Segment Open

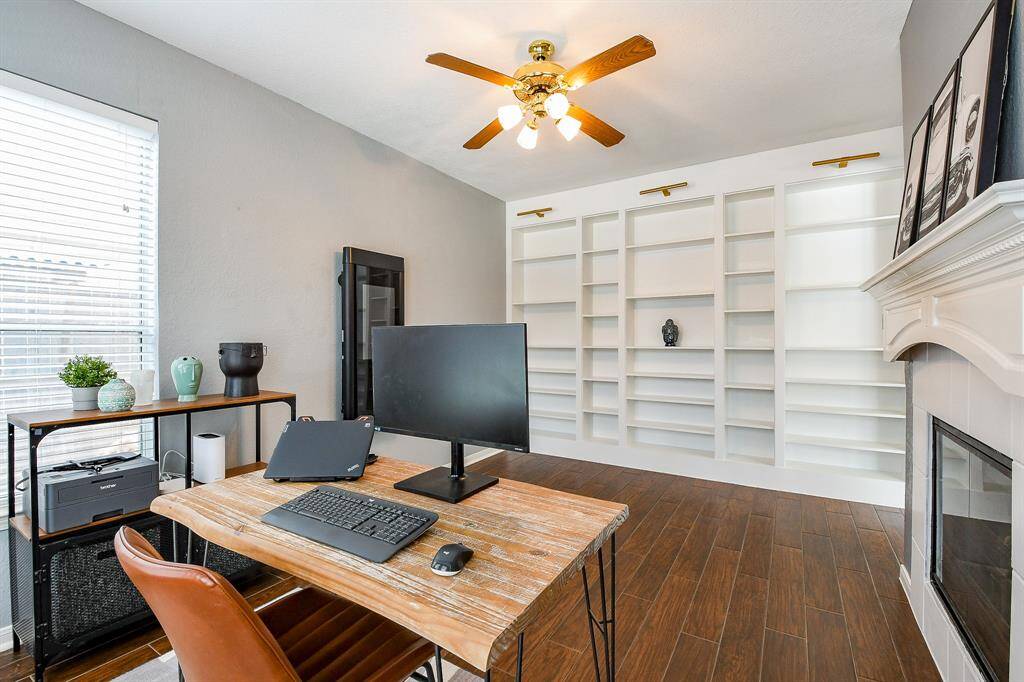 The Home Office also incuded a Wall to Wall Built in Bookshelf.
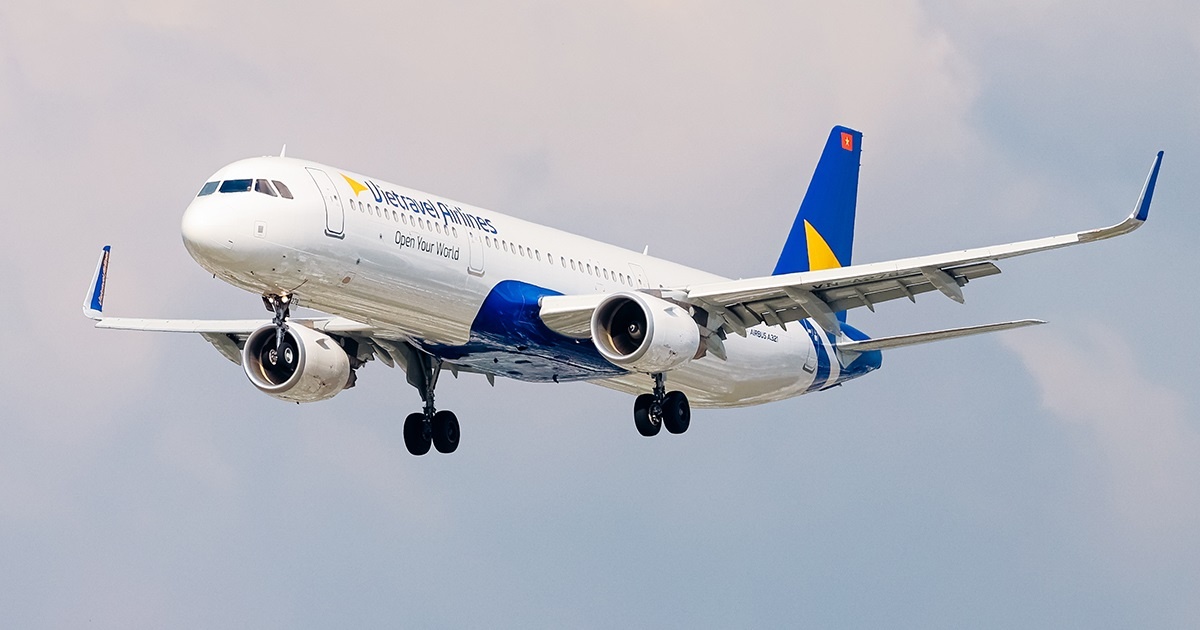 Vietravel Airlines phải hủy loạt chuyến bay do sự cố va chạm với chim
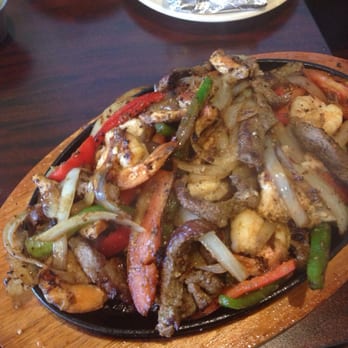 El Sabroson - Chicken, steak and shrimp fajitas. - Latin American Near Me - Williamsburg, Virginia El Sabroson - Chicken, steak and shrimp fajitas. - Latin American Near Me - Williamsburg, Virginia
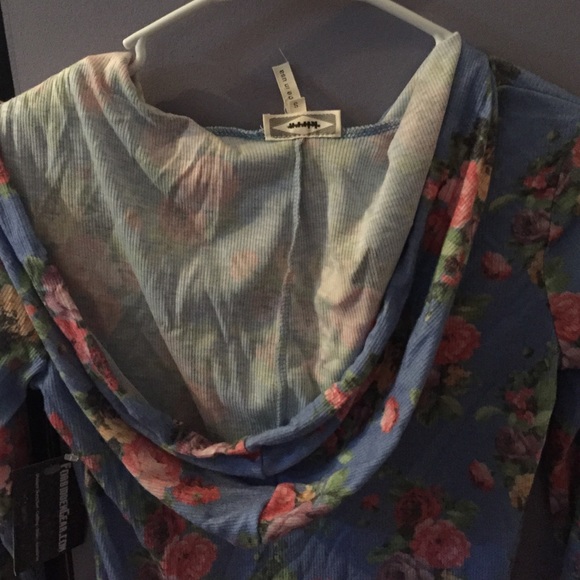 Kirra ribbed shirt with hood - Picture 3 of 3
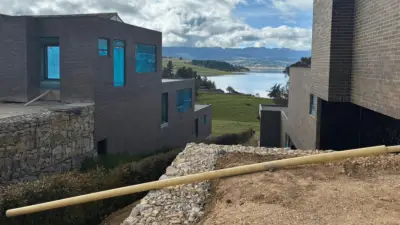 CAR paraliza construcción de viviendas de lujo en reserva forestal del Río Bogotá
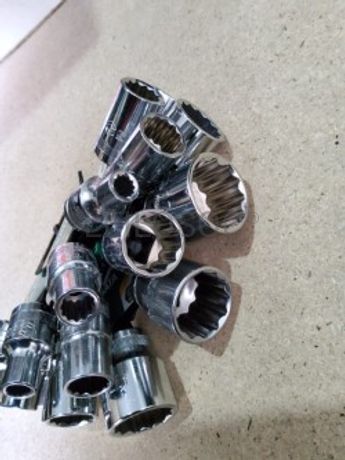 CONJUNTO 17 CHAVES DE CAIXA 12 PONTOS DE 1/2"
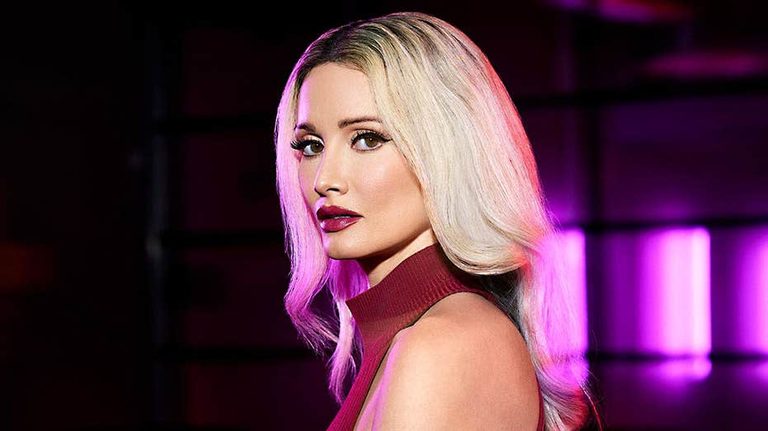 Holly Madison Reflects On Hollywood S Challenges And Her Playboy Experience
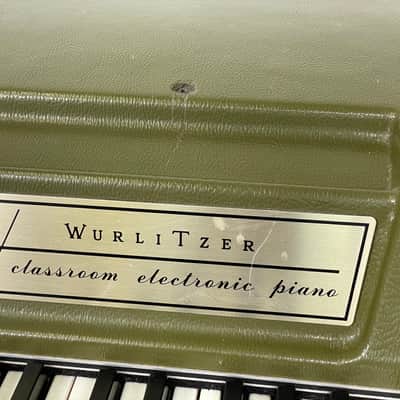 Wurlitzer 214VA Avocado Green Electric Piano image 5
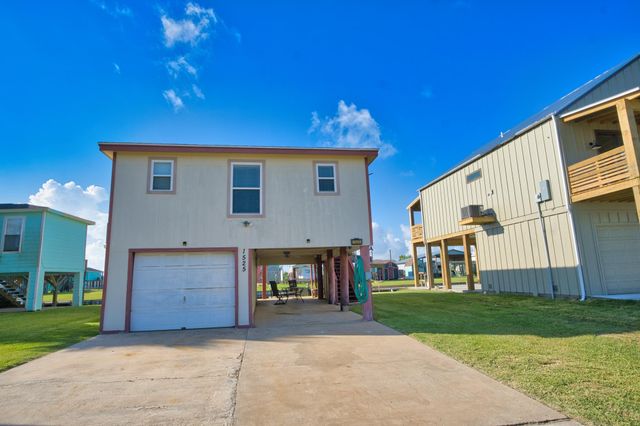1525 County Road 201, Sargent, TX 77414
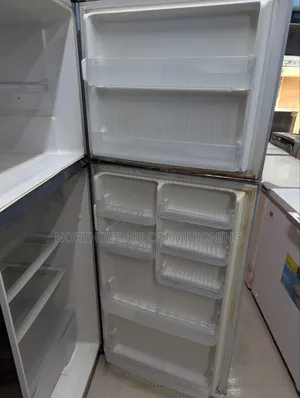 তোশিবা অফহোয়াইট কালার নো ফ্রস্ট ৩৫০ লিটার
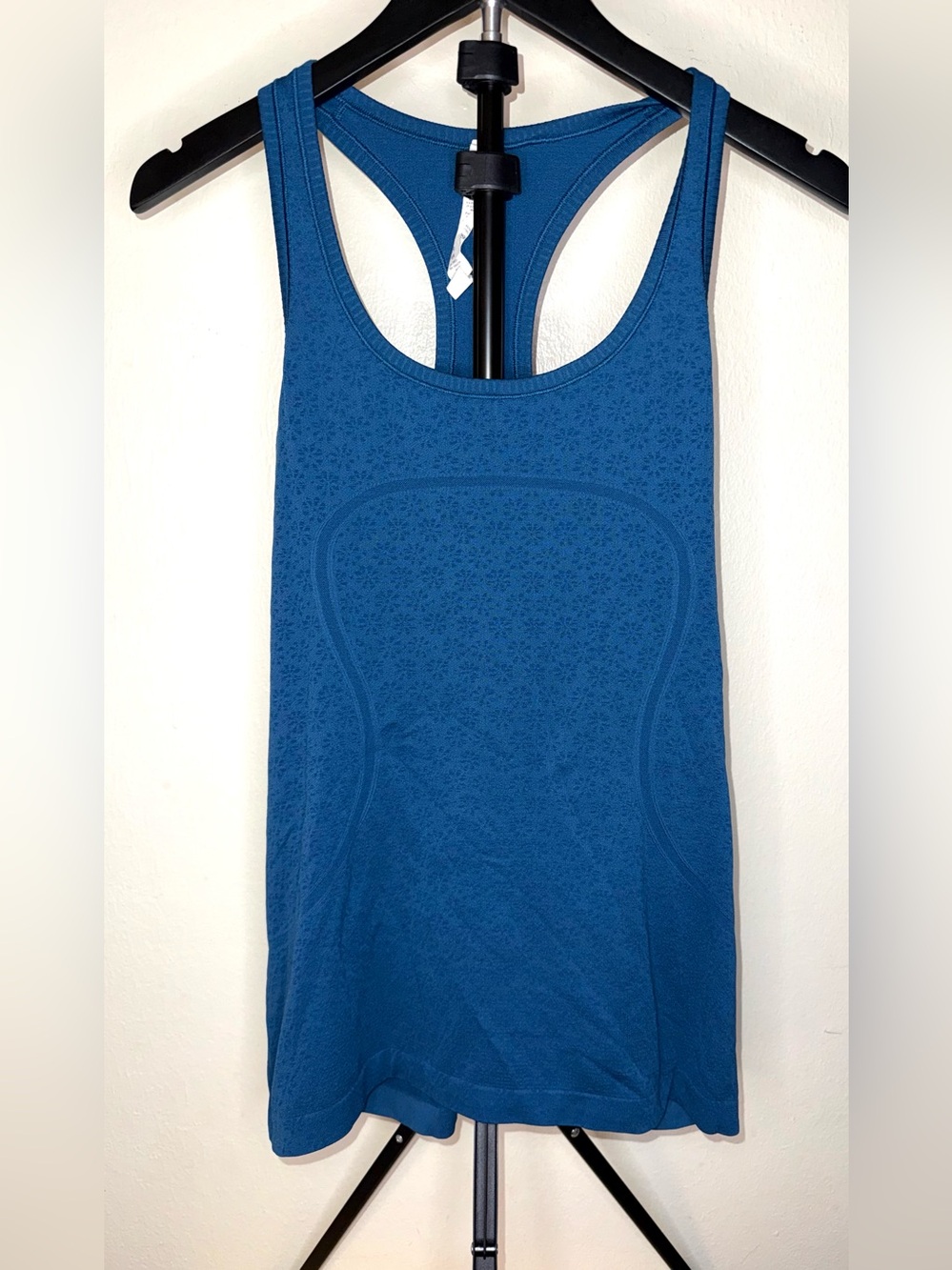 Lululemon Athletic Tank Top Blue Floral Pattern Racerback, size 12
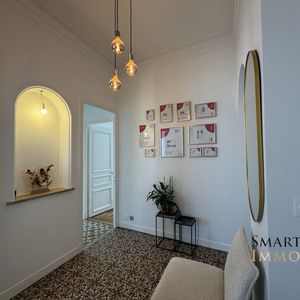 Property in Carre d'Or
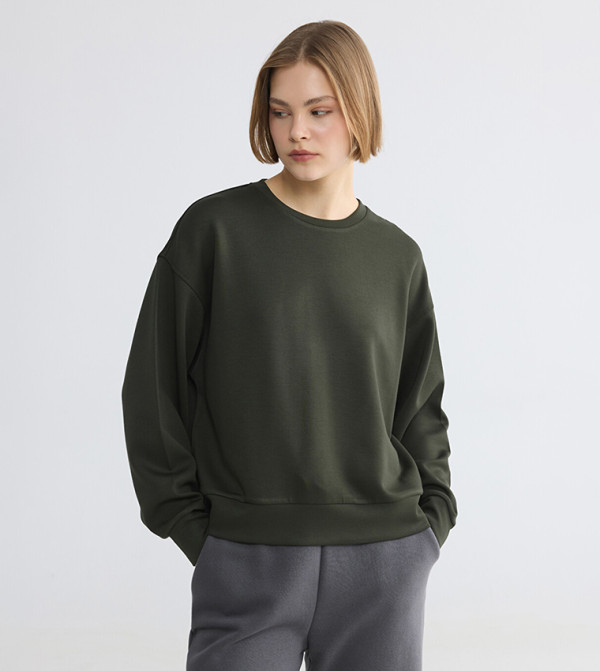 Solid Crew Neck Oversized Sweatshirt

Segment Closed

▶ YOUR ASSIGNMENT:
An acceptable answer holds exactly the lines from the one with "Wurlitzer 214VA Avocado" through the end of the entries above, both ends kept, and no pictures at all.

▶ RESPONSE TO THE TASK:
 Wurlitzer 214VA Avocado Green Electric Piano image 5
1525 County Road 201, Sargent, TX 77414
 তোশিবা অফহোয়াইট কালার নো ফ্রস্ট ৩৫০ লিটার
 Lululemon Athletic Tank Top Blue Floral Pattern Racerback, size 12
 Property in Carre d'Or
 Solid Crew Neck Oversized Sweatshirt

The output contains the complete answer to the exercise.